10     The defendant’s position was simply that the results of its updated Due Diligence Investigations were materially and adversely different from those conducted prior to the date of the Agreement. Paragraph 7 of the Rescission Letter set out the following grounds for this position:

... we hereby inform you that the results of our Updated Investigations are materially and adversely different from the results of the Due Diligence Investigations which we conducted and which we obtained on or about 4 December 2007, prior to the date of the Agreement ... These differences relate primarily to the financial position of [AEM]. Particulars of these material and adverse differences and the supporting documentary evidence upon which they are based are appended hereto.

11     The supporting material appended to the Rescission Letter showed that AEM had a bad year, having incurred a loss of $15.2m between January and June 2008 as opposed to a profit of $0.9m in the corresponding period in 2007. Its net assets had dropped from $183m in 2007 to $64m in 2008 and its credit rating lowered from DP3 to DP4. The defendant’s position was that this was a material and adverse difference as it was a real estate investment trust whose purpose in purchasing the JTC Lease was to secure a stable income. The main attraction of the JTC Lease was the fact that Microcircuit was an anchor tenant up to 2015 and its obligations were secured by AEM. Therefore such an increase in the credit risk of AEM was a material and adverse difference.

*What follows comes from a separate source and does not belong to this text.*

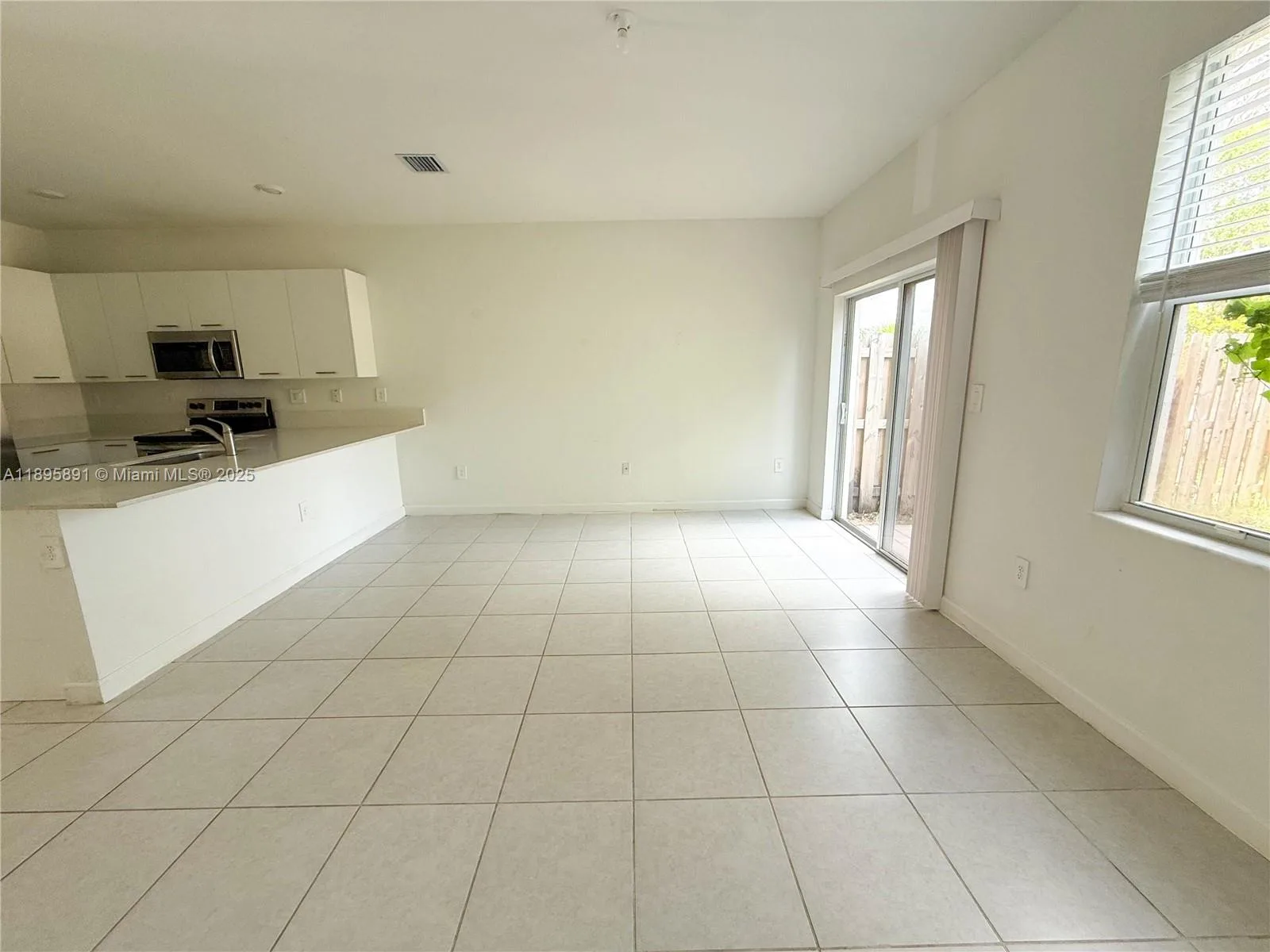 12445 NW 23rd Ct, Miami, FL 33167 photo 6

12     The plaintiff disagreed that this constituted a material and adverse difference under cl 9.1. The plaintiff essentially submitted that AEM was still a viable company and was not in any danger of default. At most, it was a “hiccup”.

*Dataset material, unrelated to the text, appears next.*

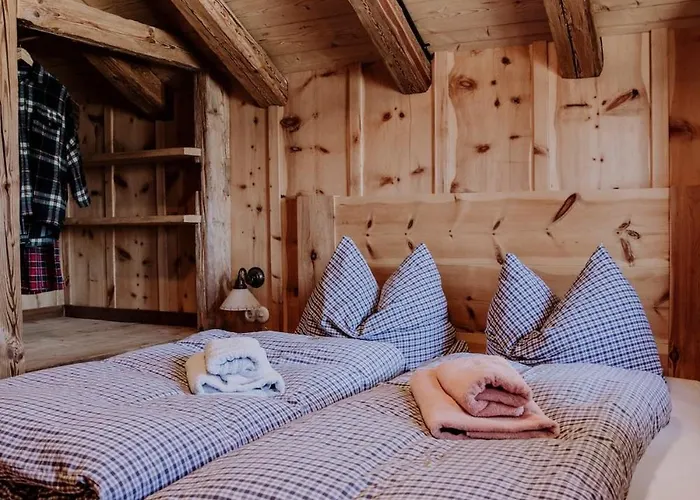 Zirbenhuette 샬레 압티나우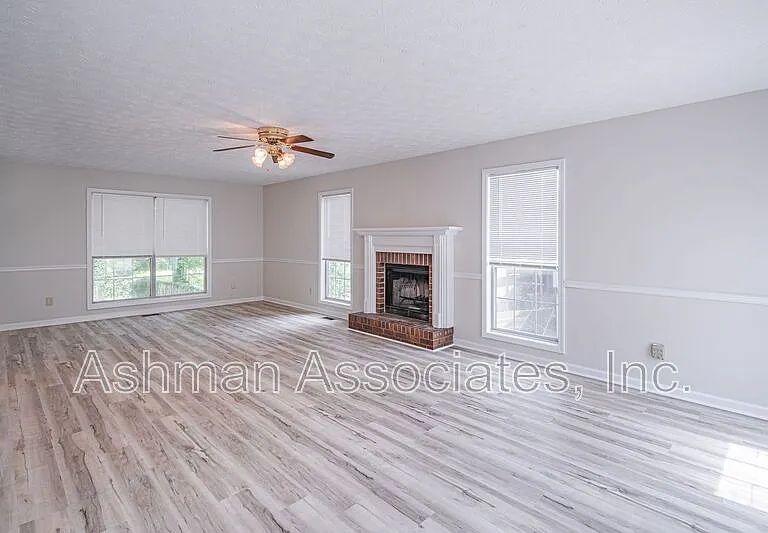 2402 Betsy Ct SW — Photo 10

13     In my view, the point was not whether AEM was still a viable company. The defendant had entered into the Agreement based on a set of circumstances, presumably upon which it had decided on the price to be paid. The issue was whether the new set of circumstances, specifically the increased credit risk of AEM, was a material and adverse difference as contemplated in the Agreement. I accepted the defendant’s position that it was and therefore the defendant was entitled to rescind the Agreement on 30 October 2008.

14     Issue (b) concerned whether the defendant’s right to rescission had arisen on 30 October 2008, the date of the Rescission Letter. The plaintiff pointed out that the proviso in cl 9.4 stated that the right of rescission shall not arise until the defendant had given the plaintiff one month to rectify any defects, to the extent that such defects were capable of rectification. As the Rescission Letter purported to rescind the Agreement on the same day, the plaintiff submitted that such rescission was invalid as the right to do so would not arise until at least a month thereafter.

15     I was unable to agree with the plaintiff on this point. Clause 9.1 specifically includes, as Due Diligence Investigations, the following matters:

the Property, the Building, the Mechanical and Electrical Equipment, the Existing Tenancy Agreement, the Existing Tenant, AEM-Evertech, the Existing Guarantee and Undertaking …

Under the Agreement, Due Diligence Investigations covered not only the status of the Existing Tenancy Agreement as well as the financial health of the existing tenant and its parent company, but also that of the building and mechanical and electrical equipment. It was clear that the qualifying words in cl 9.4, viz “to the extent such defects are capable of rectification”, were intended to refer to defects that were capable of rectification such as physical defects in the building or defects in the mechanical and electrical equipment. The material and adverse difference relied upon by the defendant to rescind the Agreement related to the financial health of AEM and this was not a defect within the contemplation of the proviso in cl 9.4. For this reason I found that the right to rescind had arisen by the date of the Rescission Letter.

16     Issue (c) pertained to the additional grounds relied upon by the defendant for rescission, ie the lack of JTC Approvals. Under cl 1.1, “JTC Approvals” was defined as:

JTC’s approval or evidence satisfactory to the Purchaser of JTC’s consent to (a) the sale of the Property by the Vendor to the Purchaser and where required by JTC, the approval or clearance of the Competent Authorities and (b) the term under the Existing Tenancy Agreement being a lease term of ten (10) years commencing from 28 September 2005.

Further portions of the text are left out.